- [WHAT IS REQUIRED]
Copy out all the lines of the data precisely, omitting any pictures.

──────

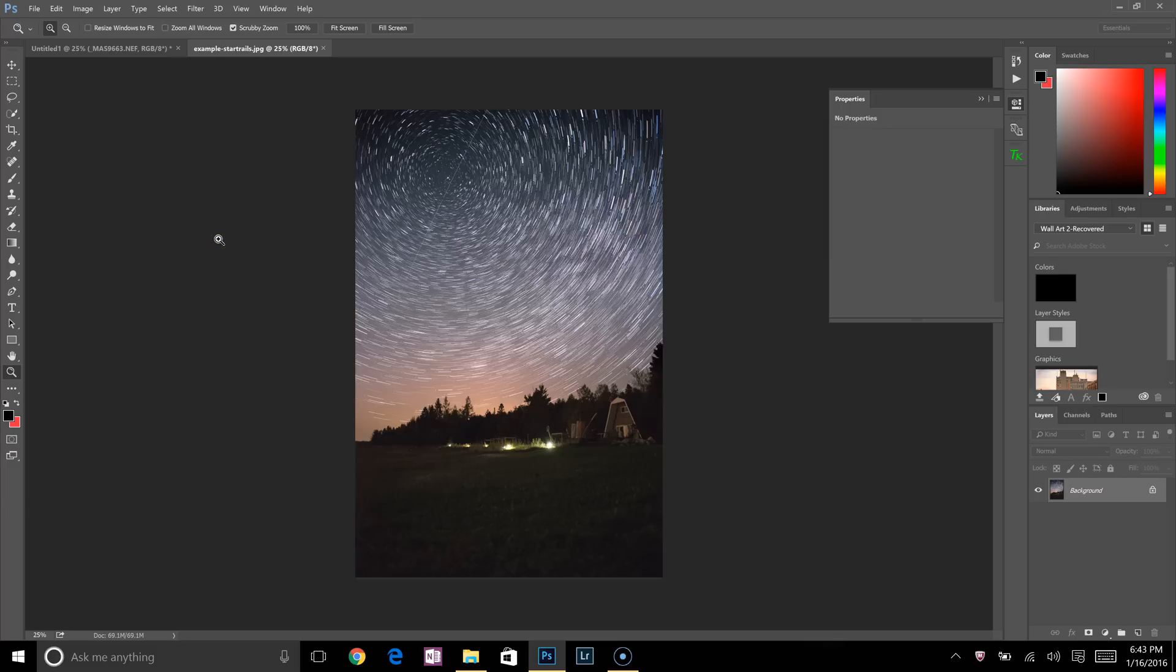Hey guys, this is Morgan from MassPhoto and today I'm going to show you how to create star trails using Photoshop.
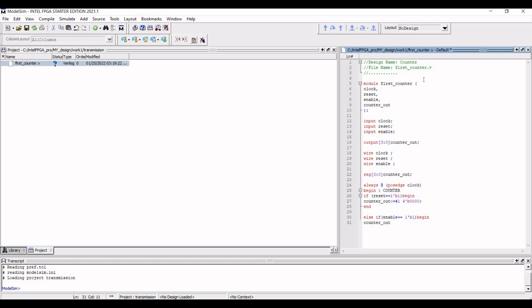If the enable is active, then we increment the counter. Define the syntax: 'else if (enable == 1'b1) begin counter_out <= counter_out + 1; end'. Then end this counter block with the 'end' syntax, and to end the counter module we define 'endmodule'.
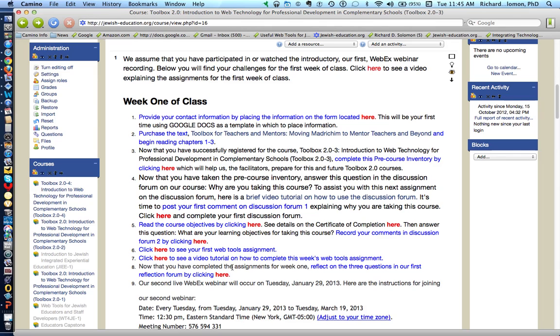Now that you've completed the assignments for week 1, there's a reflection forum. To get to the reflection forum, just click here.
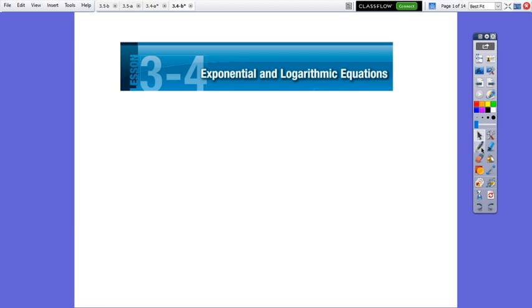Hello everybody! Today we are going to continue practicing exponential and logarithmic equations, lesson 3.4. I prepared a few questions at the end of the lesson for practice. Let's see.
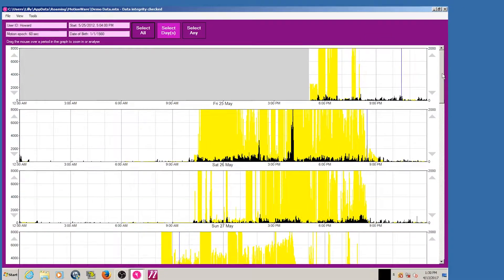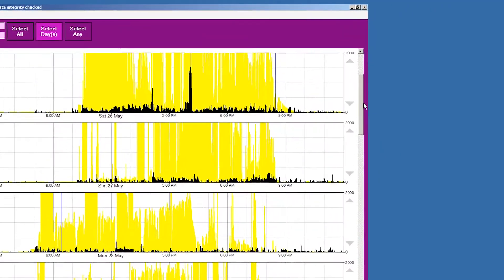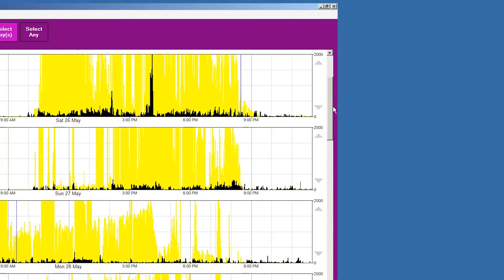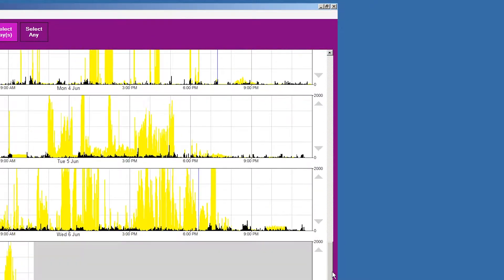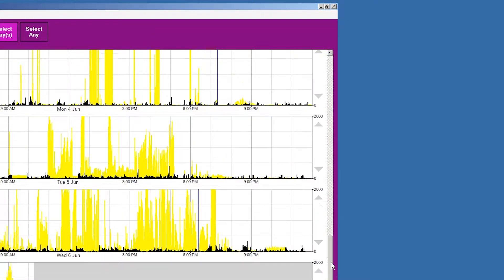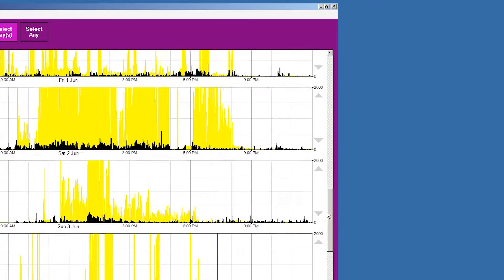You can scroll through the days by using the slider control at the right-hand side of the screen or by using the mouse scroll wheel.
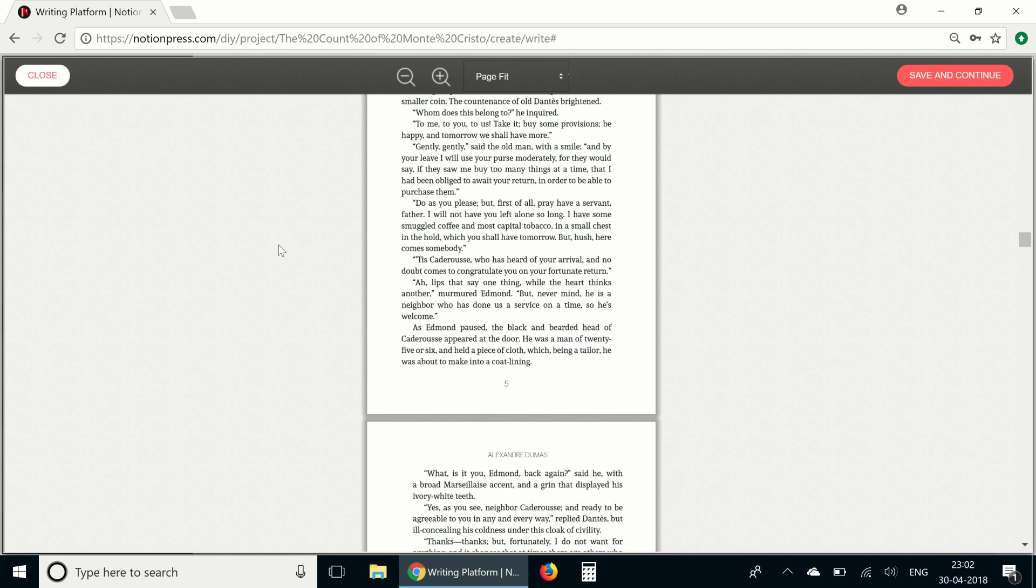So that's how you create the interior design of a book using the NotionPress DIY writing tool. Do get in touch with us if you have any queries, we'd be happy to help. Thank you.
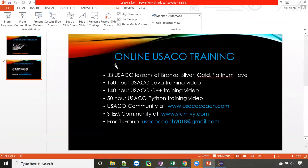This is our online USACO training. We have about 33 USACO lessons at different levels — bronze, silver, gold, and platinum. We have about 150 hours of USACO Java training videos, 140 hours of C++ training videos, and about 50 hours of Python training videos and growing. Please visit our website usacocoach.com, also stemiv.com for other math offerings. You can also reach us at usacocoach2018@gmail.com.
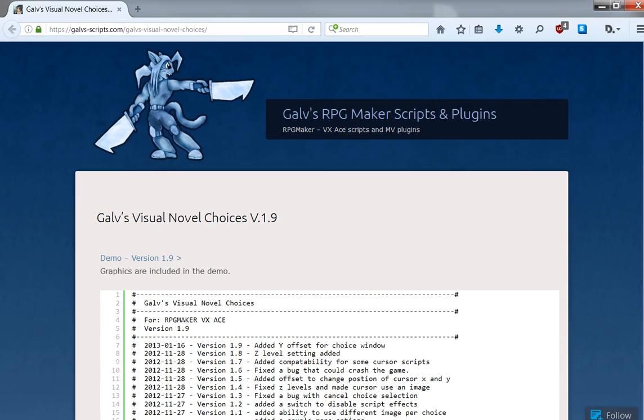Hello ladies and gentlemen, Q here with a quick video, this time a tutorial for how to implement GALF's visual novel choices into a game.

──────

- [SOLUTION FOR THIS EXERCISE]
Hey guys, this is Morgan from MassPhoto and today I'm going to show you how to create star trails using Photoshop.
If the enable is active, then we increment the counter. Define the syntax: 'else if (enable == 1'b1) begin counter_out <= counter_out + 1; end'. Then end this counter block with the 'end' syntax, and to end the counter module we define 'endmodule'.
Now that you've completed the assignments for week 1, there's a reflection forum. To get to the reflection forum, just click here.
Hello everybody! Today we are going to continue practicing exponential and logarithmic equations, lesson 3.4. I prepared a few questions at the end of the lesson for practice. Let's see.
You can scroll through the days by using the slider control at the right-hand side of the screen or by using the mouse scroll wheel.
So that's how you create the interior design of a book using the NotionPress DIY writing tool. Do get in touch with us if you have any queries, we'd be happy to help. Thank you.
This is our online USACO training. We have about 33 USACO lessons at different levels — bronze, silver, gold, and platinum. We have about 150 hours of USACO Java training videos, 140 hours of C++ training videos, and about 50 hours of Python training videos and growing. Please visit our website usacocoach.com, also stemiv.com for other math offerings. You can also reach us at usacocoach2018@gmail.com.
Hello ladies and gentlemen, Q here with a quick video, this time a tutorial for how to implement GALF's visual novel choices into a game.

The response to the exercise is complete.